Ik probeer mijn hoofd recht te houden, terwijl ik richting het water kijk, starend naar dingen die ik eigenlijk niet zie. De stilte voelt als een brok warme lucht die drukkend tussen ons in hangt. Mijn ogen vullen zich en mijn zicht wordt wazig. Ik probeer mijn tranen weg te schudden en mijzelf te vermannen maar het is te laat, een traan rolt over mijn wang en al snel volgt de tweede, derde, vierde. In een abrupt gebaar veeg ik met de rug van mijn hand een traan weg. Hij kijkt om en ik voel zijn ogen branden in mijn rug.

‘Niet huilen’ zegt hij ‘waarom huil je nu?’
‘Omdat ik je hetzelfde gevoel heb gegeven als dat ik ooit had, en ik haatte dat gevoel, dat is het ergste gevoel om te hebben. Op zijn, niet meer willen, en ik gaf het aan jou, terwijl jij de laatste persoon bent op deze aardbol die ik dat gevoel zou willen geven.’ Antwoord ik hem hikkend en snikkend terwijl ik mijn tranen dwangmatig probeer tegen te houden.
‘Het is al goed, echt, dat voelde ik toen, maar nu niet meer.’
‘Echt niet?’ zijn antwoord stelt mij gerust
‘Echt niet.’ Hij trekt mij zijn kant op en ik leg mijn hoofd op zijn schouder. Zo zitten we, naast elkaar, alsof er geen vijf jaar tussen onze laatste ontmoeting en nu zit, zonder iets te zeggen. Ik kijk uit over het water terwijl zijn ademhaling mij kalmeert.

‘Ben je gelukkig?’

‘Ben je gelukkig?’ vraagt hij plots aan mij.

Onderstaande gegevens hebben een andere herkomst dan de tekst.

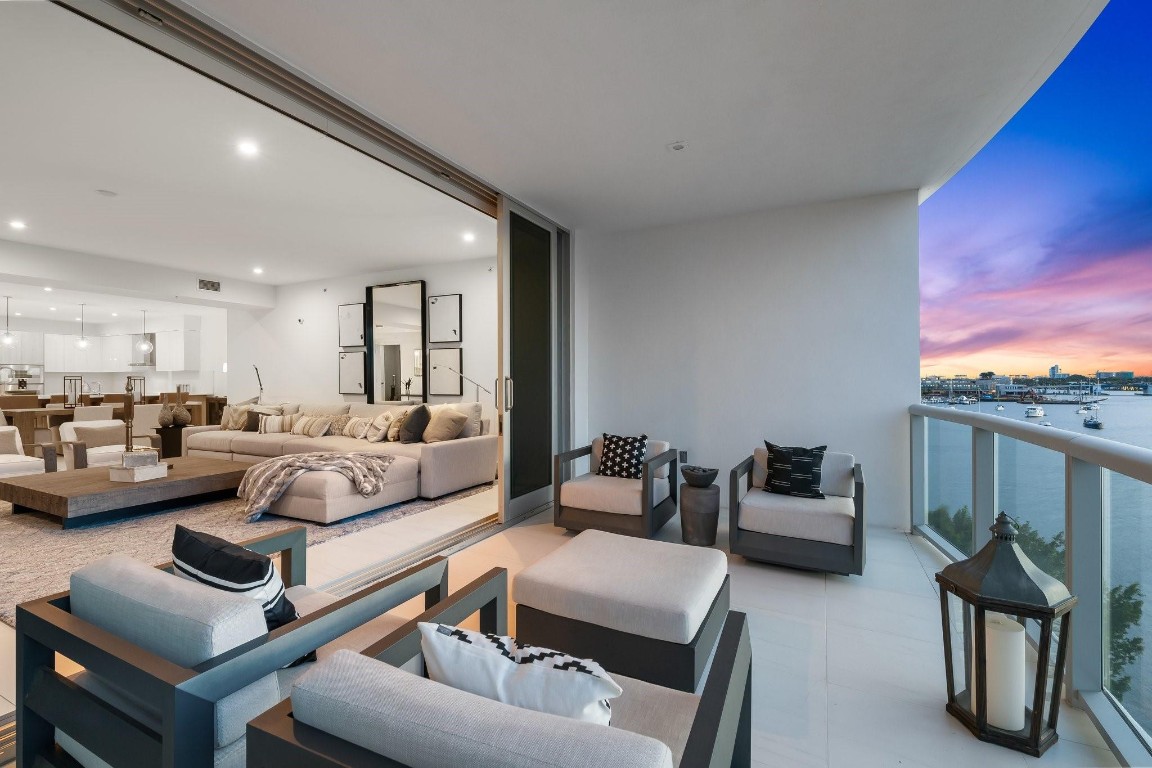 321 N Birch Rd Unit: 602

Ik kijk op en ga recht zitten, draai mijn hoofd en kijk recht in zijn ijsblauwe ogen omringt door woeste donkerblonde wenkbrauwen.

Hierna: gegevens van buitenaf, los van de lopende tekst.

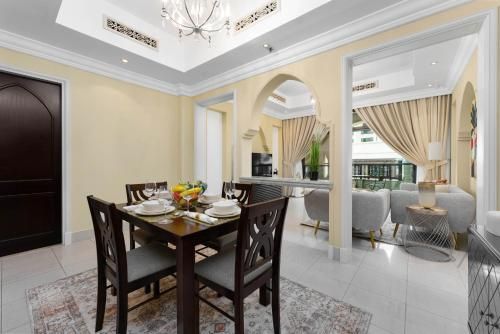 Maison Privee - Elite Apt Connected to Dubai Mall & Burj Khalifa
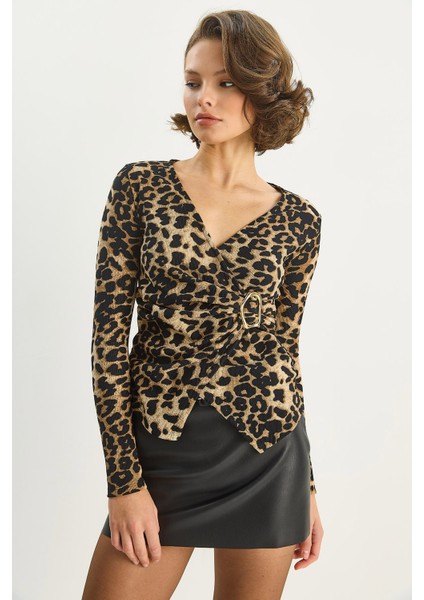 Kadın Kruvaze Yaka Gold Toka Detaylı Uzun Kollu Bluz fiyatları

‘Ja, ik ben heel gelukkig.’ lach ik terug.
‘Maar ben je echt gelukkig?’ vraagt hij. ‘Is de man met wie je nu bent alles dat je nodig hebt en ook alles dat je ooit nodig zult hebben?’
‘Ja, dat is hij meer dan wie dan ook.’ ik lach en vervolg ‘we passen bij elkaar, hij is grappig, lief, zorgzaam maar weet ook een van zich af te bijten. Ik denk dat jullie elkaar wel zouden mogen.’
Hij kijkt mij aan, met een schuine glimlach.
‘Misschien wel’ antwoord hij lachend. ‘misschien wel, kleine gnoe.’